Overall, we will support 3 recursive ways of schema.
- Schemaless, where the user does not need to define any kind of schema, mainly used for weakly structured data flows, or where the data structure changes frequently.
- Logical schema only, where the user defines the schema at the source level, mostly used for weakly typed encoding, such as the JSON format, for users whose data has a fixed or roughly fixed format and do not want to use a strongly typed data codec format. In the case, the StrictValidation parameter can be used to configure whether to perform data validation and conversion.
- Physical schema, the user uses protobuf or custom formats and defines the schemaId, where the validation of the data structure is done by the format implementation.
Both the logical and physical schema definitions are used for SQL syntax validation in the parsing and loading phases of rule creation and for runtime optimization. The inferred schema of the stream can be obtained via Schema API.
# Strict Validation
Used only for logically schema streams. If strict validation is set, the rule will verify the existence of the field and validate the field type based on the schema. If the data is in good format, it is recommended to turn off validation.
# Schema-less stream
If the data type of the stream is unknown or varying, we can define it without the fields. This is called schema-less. It is defined by leaving the fields empty.

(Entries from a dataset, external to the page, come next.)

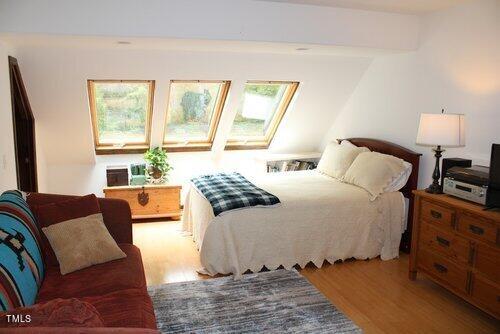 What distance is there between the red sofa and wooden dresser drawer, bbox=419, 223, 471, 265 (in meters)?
2.24

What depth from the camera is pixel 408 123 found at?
4.27m

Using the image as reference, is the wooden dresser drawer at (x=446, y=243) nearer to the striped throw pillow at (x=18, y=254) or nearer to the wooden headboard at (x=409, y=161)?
the wooden headboard at (x=409, y=161)

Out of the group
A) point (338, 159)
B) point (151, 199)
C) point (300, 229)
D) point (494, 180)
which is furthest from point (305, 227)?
point (151, 199)

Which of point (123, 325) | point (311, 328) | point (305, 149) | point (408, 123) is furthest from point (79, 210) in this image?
point (305, 149)

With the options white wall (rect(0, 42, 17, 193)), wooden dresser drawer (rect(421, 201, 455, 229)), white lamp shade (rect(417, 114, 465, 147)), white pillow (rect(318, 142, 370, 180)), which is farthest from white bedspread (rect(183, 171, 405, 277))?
white wall (rect(0, 42, 17, 193))

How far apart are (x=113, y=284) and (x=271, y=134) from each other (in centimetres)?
376

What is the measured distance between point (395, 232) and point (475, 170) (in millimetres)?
1187

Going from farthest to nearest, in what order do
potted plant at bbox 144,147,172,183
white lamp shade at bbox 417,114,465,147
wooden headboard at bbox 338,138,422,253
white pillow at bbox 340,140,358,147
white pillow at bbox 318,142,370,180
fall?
potted plant at bbox 144,147,172,183 < white pillow at bbox 340,140,358,147 < white pillow at bbox 318,142,370,180 < wooden headboard at bbox 338,138,422,253 < white lamp shade at bbox 417,114,465,147

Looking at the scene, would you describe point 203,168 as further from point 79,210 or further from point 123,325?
point 123,325

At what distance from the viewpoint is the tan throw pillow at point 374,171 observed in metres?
3.96

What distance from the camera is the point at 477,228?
2873mm

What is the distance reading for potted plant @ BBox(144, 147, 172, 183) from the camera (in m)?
5.14

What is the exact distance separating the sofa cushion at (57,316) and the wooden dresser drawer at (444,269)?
260cm

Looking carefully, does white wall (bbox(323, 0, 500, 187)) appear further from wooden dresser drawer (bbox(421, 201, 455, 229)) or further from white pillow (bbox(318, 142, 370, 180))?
wooden dresser drawer (bbox(421, 201, 455, 229))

schemaless_stream () WITH ( datasource = "topic/temperature", FORMAT = "json", KEY = "id");
Schema-less stream field data type will be determined at runtime. If the field is used in an incompatible clause, a runtime error will be thrown and send to the sink. For example,
where temperature > 30. Once a temperature is not a number, an error will be sent to the sink.

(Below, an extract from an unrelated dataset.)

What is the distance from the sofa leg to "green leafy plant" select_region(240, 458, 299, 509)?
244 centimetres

See Query languange element for more inforamtion of SQL language.
# Binary Stream
Specify "BINARY" format for streams of binary data such as image or video streams. The payload of such streams is a block of binary data without fields. So it is required to define the stream as only one field of
bytea. In the below example, the payload will be parsed into
image field of
demoBin ( image BYTEA ) WITH (DATASOURCE="test/", FORMAT="BINARY");
If "BINARY" format stream is defined as schemaless, a default field named
self will be assigned for the binary payload.